Familier du rôle-titre qu’il a déjà interprété sur cette même scène dans cette même production en 2009, Michael Spyres ne fait qu’une bouchée de la partition, lui qui il y a quelques jours triomphait à Londres dans La Donna del lago. Passer de Roderigo à Candide, c’est comme faire le tour du bois de Boulogne à vélo après l’ascension du Mont Blanc. Ni graves, ni aigus vertigineux, ni vocalises en rafale. Pour autant, le ténor met au service de Bernstein toute la science acquise en chantant Rossini, notamment l’usage de la messa di voce et une gestion du souffle qui produit quelques notes d’une longueur spectaculaire. La diction, toujours claire, ne pose aucun problème à celui qui s’exprime ici dans sa langue maternelle. Surtout, l’expression scénique se hisse au niveau de l’interprétation musicale, offrant de Candide un portrait accompli. Par une coïncidence troublante (mais s’agit-il d’une coïncidence ?), le jeune baritenore, au sens rossinien du terme, partage l’affiche avec l’un de ses plus illustres prédécesseurs. Désormais plus baryton que ténor, Chris Merrit, qui cumule les rôles du gouverneur, de Vanderdendur et de Ragotski, a lui aussi du souffle à revendre, une présence inaltérée et l’aigu facile, ce qui n’a rien d’étonnant compte tenu de ses antécédents. En Cunégonde, Leah Partridge souffre inévitablement de la comparaison avec les plus grandes coloratures qui ont fait de « Glitter and be gay » leur oriflamme. Le numéro reste de haute voltige, la silhouette idéale, la composition aboutie même si le chant peut sembler manquer d’éclat. A l’arrière-plan d’une distribution sans faiblesse, on remarque également Graham F. Valentine qui, en Pangloss puis Martin, manie parole et musique dans la meilleure tradition du music-hall. Comment enfin ne pas rapprocher « America », un des tubes de West Side Story, du très latino « I am easy assimilated » que chante la Old Lady (la composition des deux œuvres est étroitement imbriquée ; certains numéros de l’une furent initialement destinés à l’autre, et inversement). Carole Wilson y fait preuve d’une juste intégrité vocale, distillant sans en faire des tonnes l’humour nécessaire à l’extravagance du personnage.

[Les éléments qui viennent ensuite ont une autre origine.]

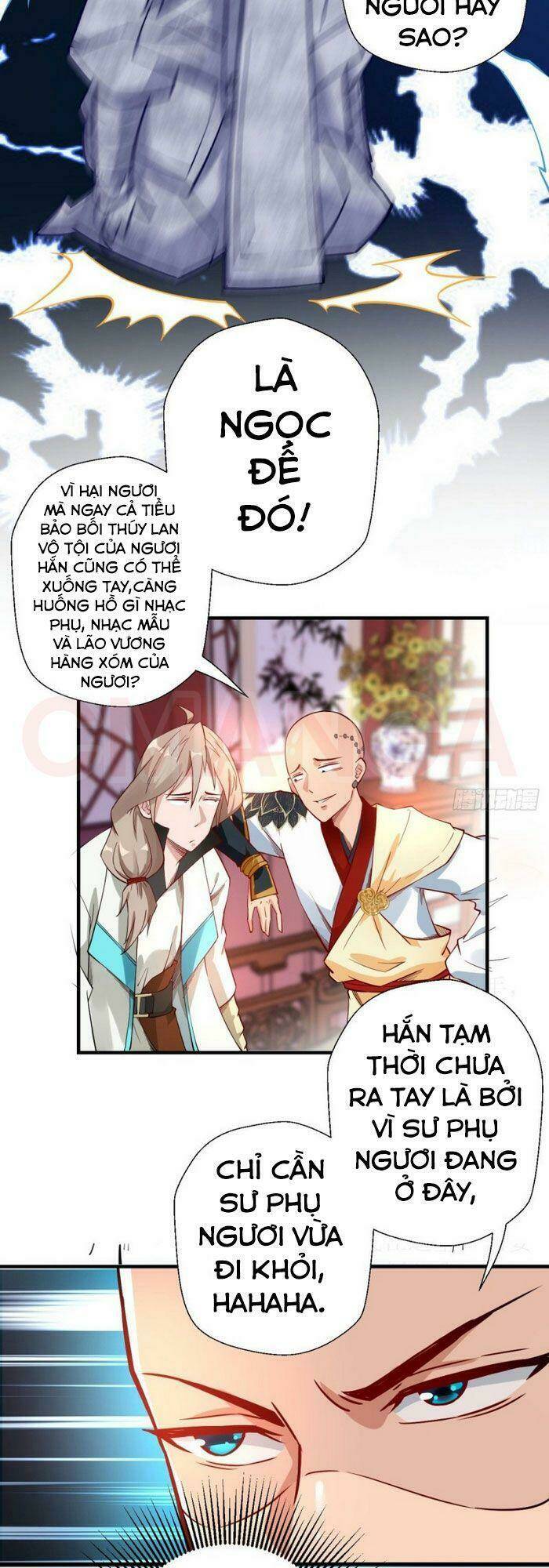 Tà Du Ký: Chapter 30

Last but not least, Yannis Pouspourikas propose de la partition une lecture approfondie, dont le brillant sait éviter le clinquant. Le chef d’orchestre dirige également de manière permanente le Koor van Vlaamse Opera (il est appelé la saison prochaine à devenir Premier Maître de Chapelle à l’Aalto-Musiktheater d’Essen – voir brève du 21 juin). Cela n’est pas sans influer sur la qualité des interventions chorales, remarquable, notamment un « Make our Garden Grow » conclusif qui place Bernstein au-dessus de Voltaire, donnant à la musique de Candide une portée mieux que philosophique : religieuse.